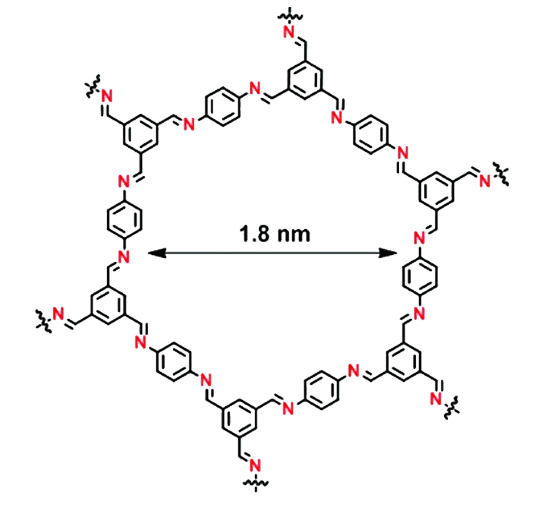 COF-LZU-1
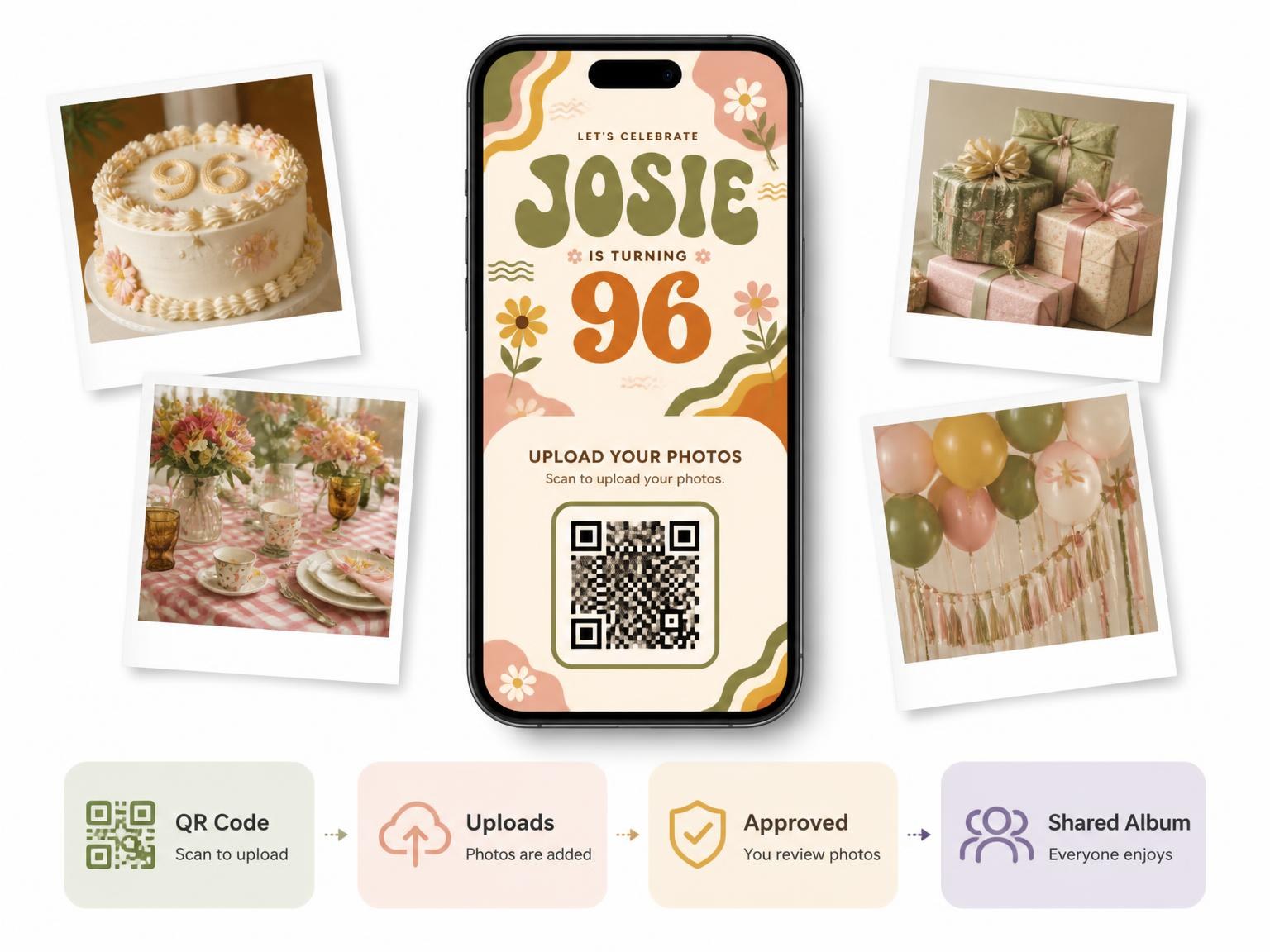 The shared photo gallery that comes with the Groovy Retro 96th Birthday Invitation invitation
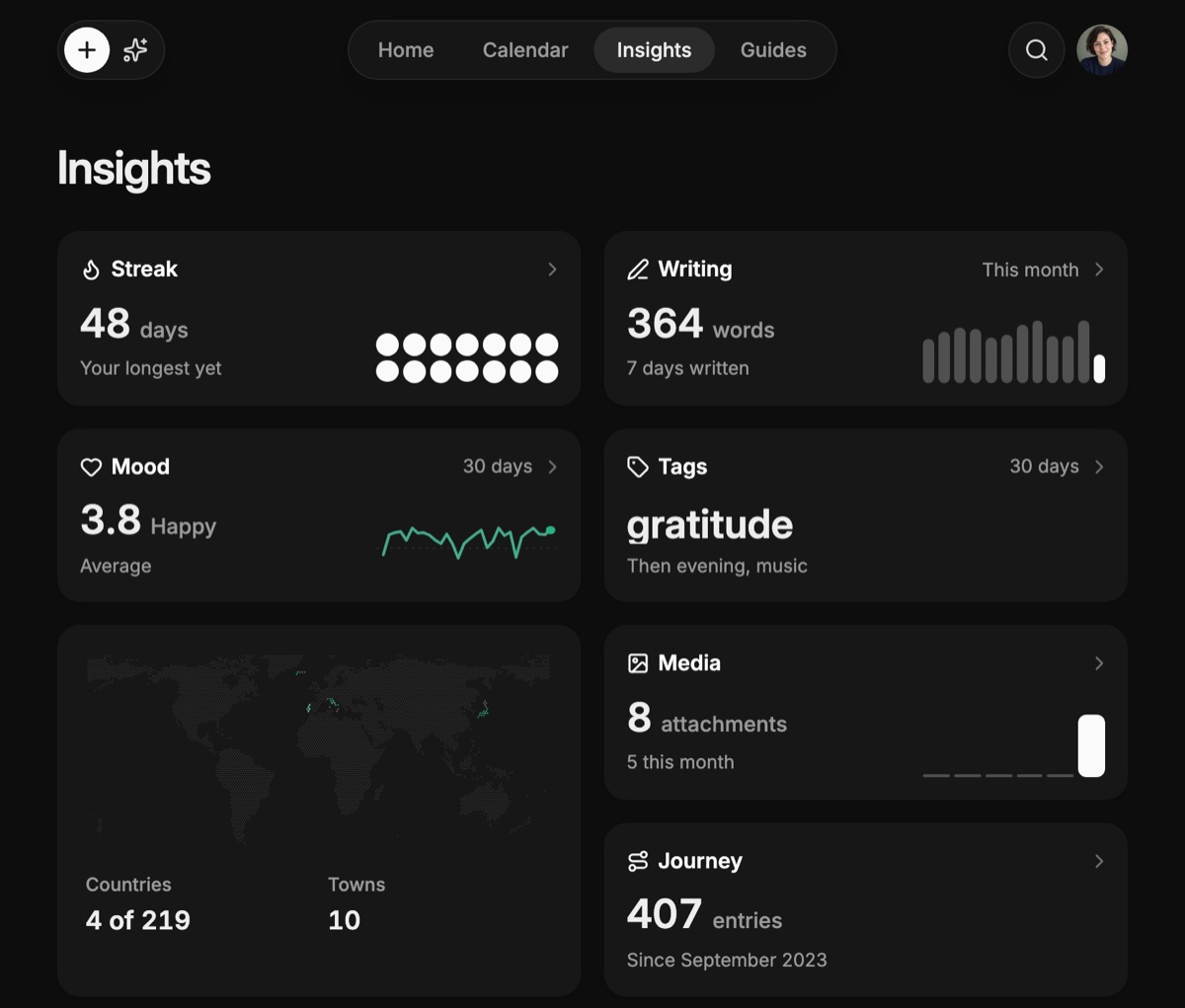 Reflect Day Insights: the writing streak, words this month, the average mood, the most used tags, and a map of the countries written from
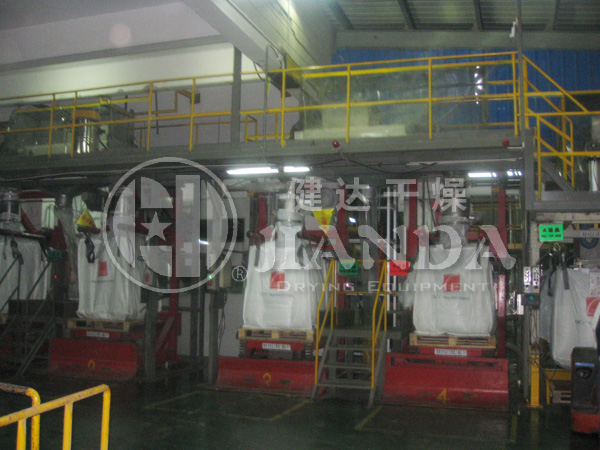 玻璃纖維干燥生產(chǎn)線(xiàn)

» **PROBLEM TO WORK ON**:
In the answer, all of the material should appear exactly as given, with no picture carried over.

» **YOUR SOLUTION**:
 COF-LZU-1
 The shared photo gallery that comes with the Groovy Retro 96th Birthday Invitation invitation
 Reflect Day Insights: the writing streak, words this month, the average mood, the most used tags, and a map of the countries written from
 玻璃纖維干燥生產(chǎn)線(xiàn)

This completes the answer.